Prozessorversionen migrieren

Auf dieser Seite finden Sie Schritte zum Migrieren von mit Document AI trainierten Prozessorversionen sowie Dataset-Schema und ‑Beispiele von einem Projekt in ein anderes. Mit diesen Schritten wird der Import der Prozessorversion, die Bereitstellung und die Festlegung als Standardversion im Zielprojekt automatisiert.

Hinweis

  • Rufen Sie eine Projekt-ID ab. Google Cloud
  • Sie benötigen die Document AI-Prozessor-ID.
  • Sie benötigen Cloud Storage.
  • Python verwenden: Jupyter-Notebook (Vertex AI)
  • Berechtigungen zum Gewähren des Zugriffs für das Dienstkonto in den Quell- und Zielprojekten

Schritt-für-Schritt-Anleitung

Die Vorgehensweise wird in den folgenden Schritten beschrieben.
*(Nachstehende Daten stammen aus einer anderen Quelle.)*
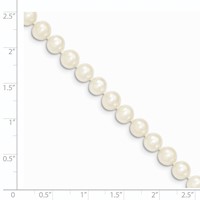 14K Yellow Gold 6-7mm White Semi-Round Freshwater Cultured Pearl Necklace, 12" view 3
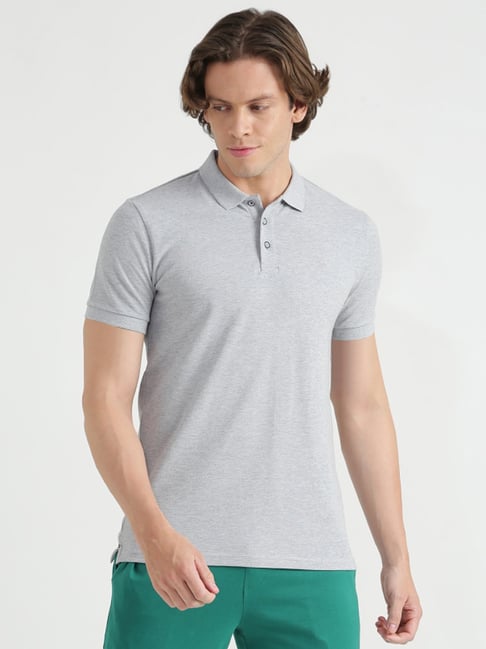 United Colors Of Benetton Grey Cotton Regular Fit Polo T-Shirt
Schritt 1: Dienstkonto ermitteln, das mit dem Vertex AI-Notebook verknüpft ist

!gcloud config list account

Ausgabe:

[core]
account = example@automl-project.iam.gserviceaccount.com

Your active configuration is: [default]

Schritt 2: Erforderliche Berechtigungen für das Dienstkonto gewähren

Fügen Sie im Google Cloud Projekt, das das Ziel der Migration ist, das im vorherigen Schritt abgerufene Dienstkonto als Hauptkonto hinzu und weisen Sie ihm die beiden folgenden Rollen zu:

  • Document AI-Administrator
  • Storage-Administrator

Weitere Informationen finden Sie unter Dienstkonten Rollen zuweisen und Vom Kunden verwaltete Verschlüsselungsschlüssel (CMEK).

processor-version-migrate-1

Damit die Migration funktioniert, muss das Dienstkonto, das zum Ausführen dieses Notebooks verwendet wird, folgende Voraussetzungen erfüllen:

  • Rollen in den Quell- und Zielprojekten zum Erstellen des Dataset-Buckets oder zum Erstellen des Buckets, falls er nicht vorhanden ist, sowie Lese- und Schreibberechtigungen für alle Objekte.
  • Die Rolle „Document AI Editor“ im Quellprojekt, wie unter Prozessorversion importieren beschrieben.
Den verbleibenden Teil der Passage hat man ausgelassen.